31 Maggio 2002

Petizione per il piano-parcheggi

Impossibilità di reperire aree per i residenti ed elevati canoni di pagamento annuali

Petizione per il piano-parcheggi




San Donà.
Continua a far discutere il piano urbano di sosta nel centro cittadino, entrato in vigore all`inizio dell`anno. Dei problemi sollevati dai cittadini si è fatta carico la neocostituita sezione del Codacons (Coordinamento associazioni per la tutela dell`ambiente e dei diritti di utenti e consumatori), che ha sede in via Ferro 1, e che è presieduta dall`avvocato Francesco Mario d`Elia.

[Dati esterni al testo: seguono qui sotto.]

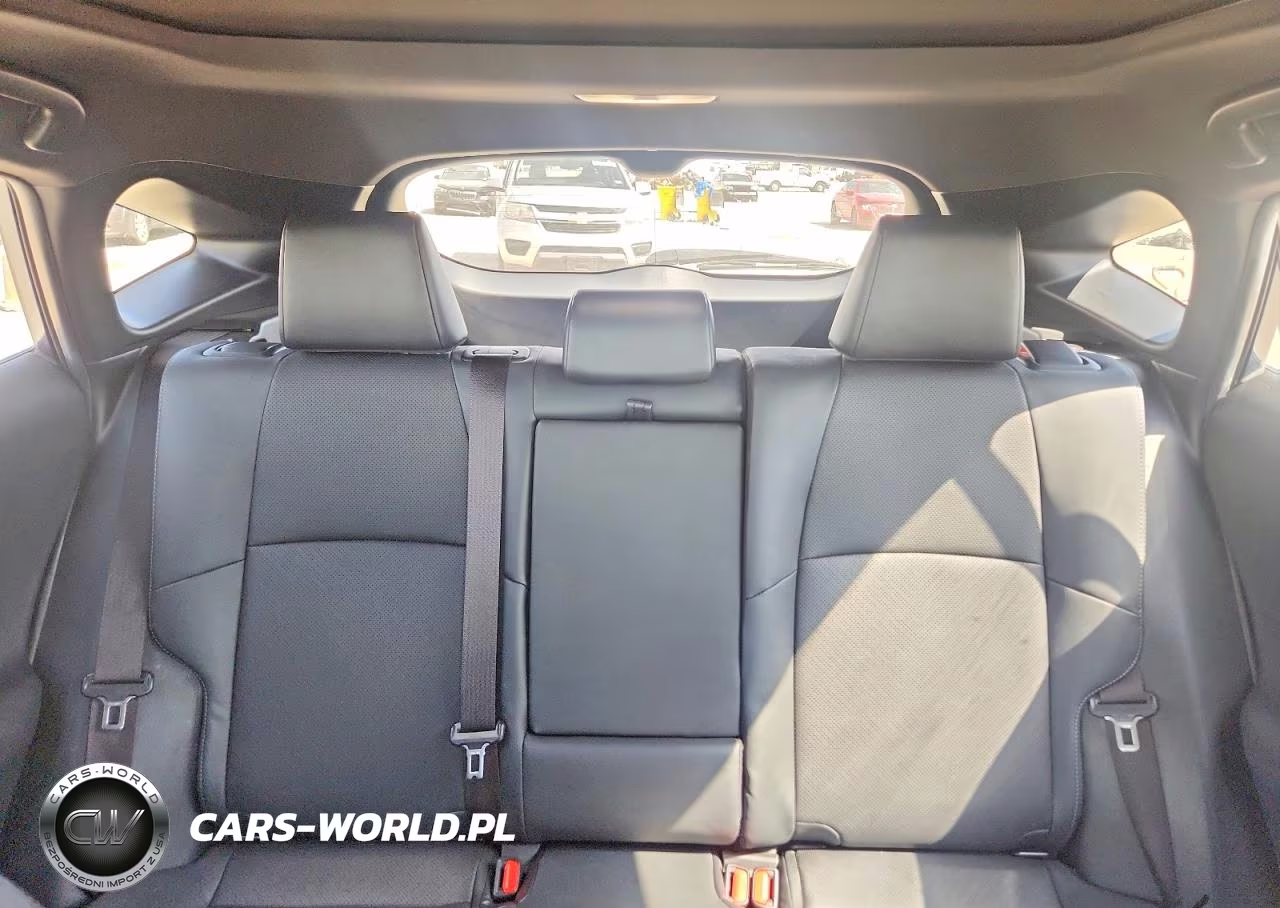 2021 Toyota Venza Limited VIN:JTEAAAAH1MJ052468 - 10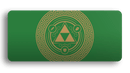 Hero Deskmat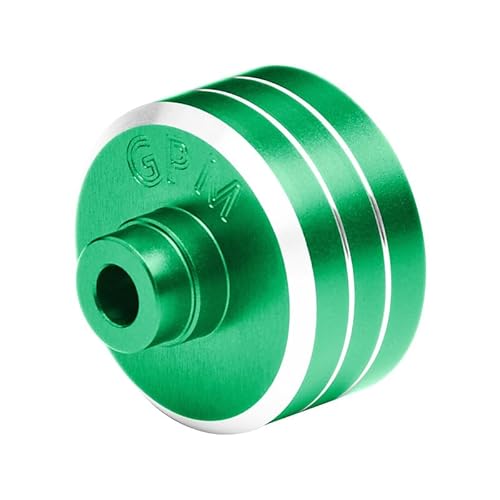 Aluminium7075 Alloy Front Or Rear Diff Case for Traxxas 1/16 Mini Maxx 4WD RTR Brushless Monster Truck 107154-1 Upgrades - Green Aluminium7075 Alloy Front Or Rear Diff Case for Traxxas 1/16 Mini Maxx 4WD RTR Brushless Monster Truck 107154-1 Upgrades - Green von GPM Racing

Il Codacons ha inviato all`amministrazione comunale una petizione, sottoscritta da 400 persone, in cui viene chiesto un incontro per approfondire le varie tematiche e per verificare se le richieste dei cittadini possono essere accolte, senza stravolgere il “Piano parcheggi“, e ciò per un contributo migliorativo di una iniziativa che viene considerata lodevole.

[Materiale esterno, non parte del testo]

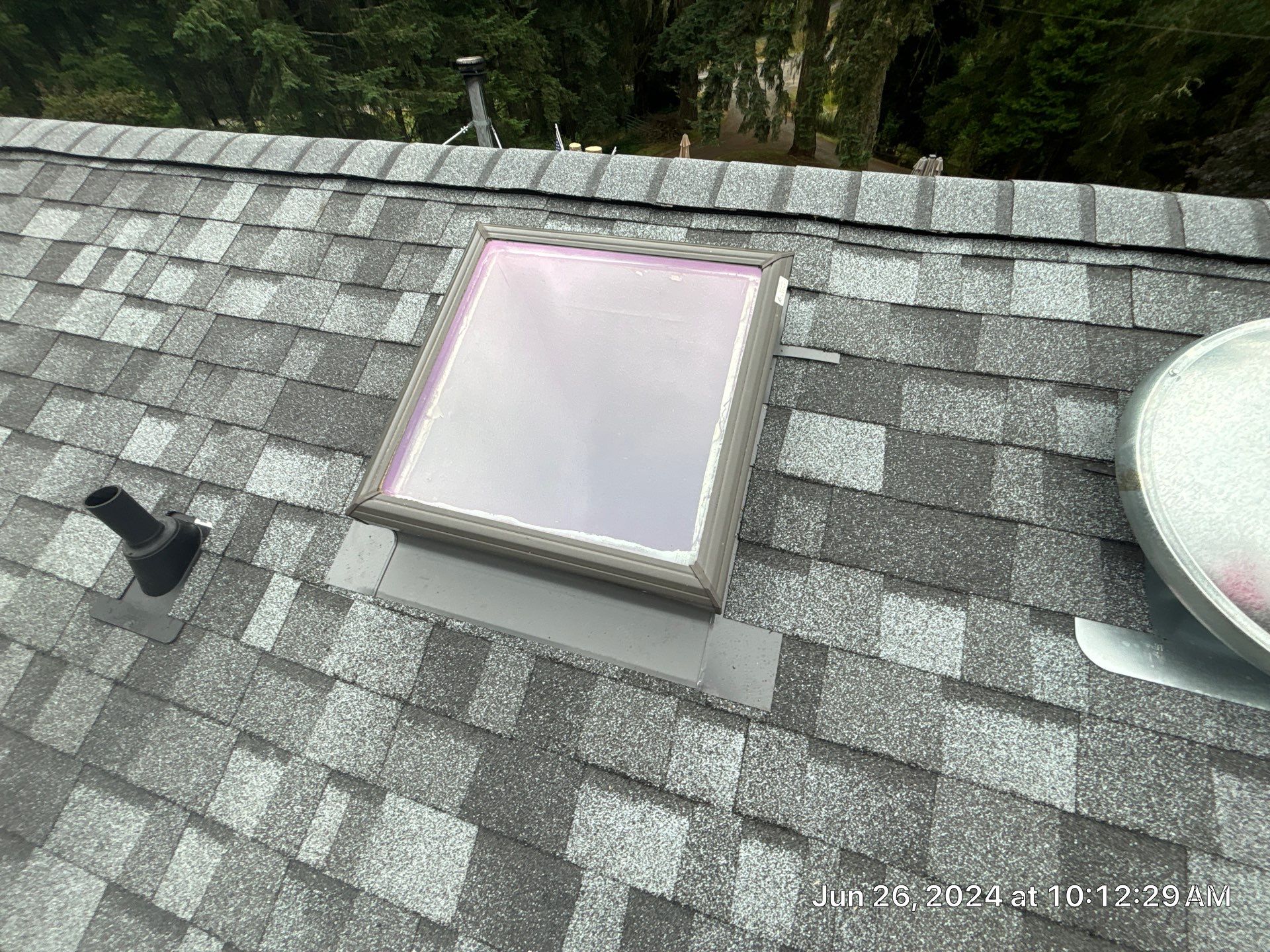 Residential Reroof by BEST Roofing & Waterproofing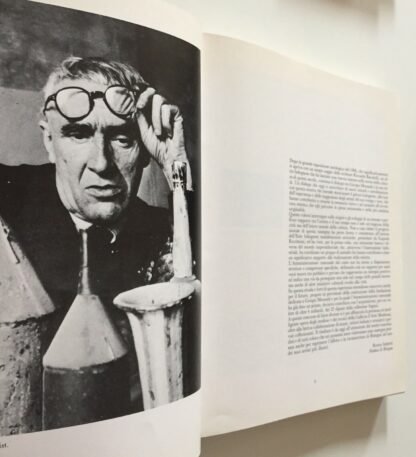 Morandi e il suo tempo catalogo mostra Bologna Galleria Comunale Mazzotta 1985 - immagine 8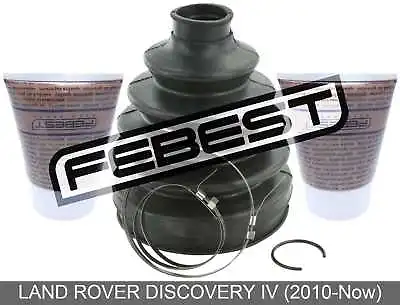 Boot Outer Cv Joint Kit 103.5X139X30 For Land Rover Discovery Iv (2010-Now) • $33.30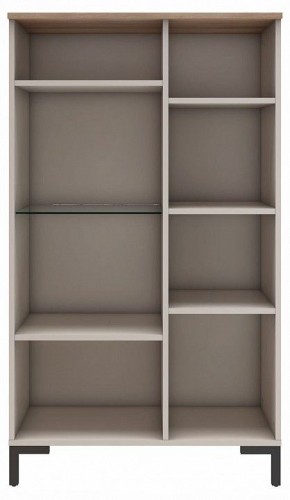 Тумба-витрина Тоскана 535.09 в Березниках - berezniki.ok-mebel.com | фото 2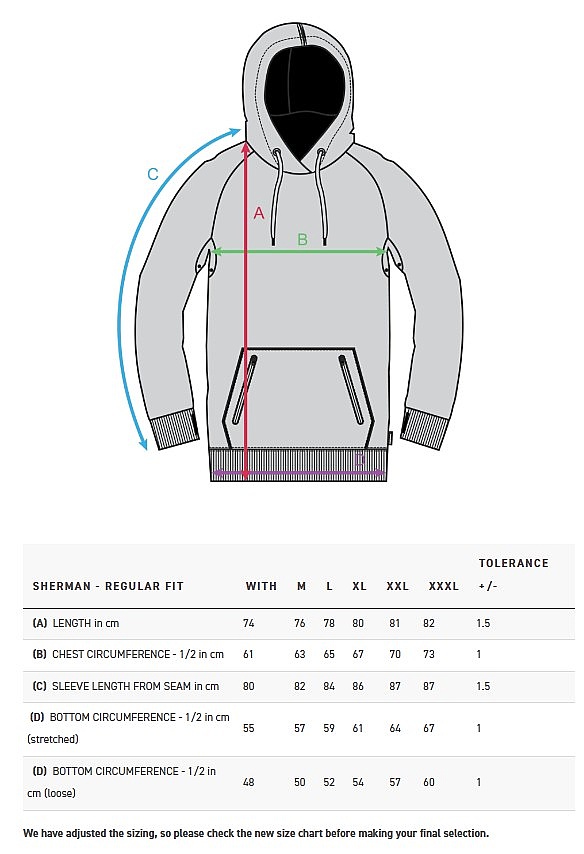 sweatshirt Horsefeathers Sherman - Sage - men´s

Nella petizione, ricordando che la città non è dotata di un servizio pubblico di trasporto di persone, si rileva che i residenti e coloro che lavorano nelle zone limitrofe a piazza De Gasperi, via ferro, via 13 Martiri, via Eraclea sono impossibilitati al parcheggio delle loro autovetture “per la non presenza di parcheggi liberi ad una ragionevole distanza“.Viene evidenziato, inoltre che i limitrofi e lontani parcheggi liberi delle vie Zane, Don Bosco, Eraclea e Verdi sono permanentemente occupati dai frontisti o da coloro che si recano negli uffici pubblici e privati.

Nella petizione, oltre ad evidenziare che la maggioranza dei fabbricati nelle suddette zone sono privi di parcheggi privati, con la conseguente quasi impossibilità di parcheggio nelle vie limitrofe per gli stessi residenti, viene rilevato, inoltre, che i canoni richiesti per gli abbonamenti annuali per parcheggio sono elevati e che i maggiori costi andrebbero addebitati “a coloro che occasionalmente si recano con la loro autovettura nel centro di San Donà“.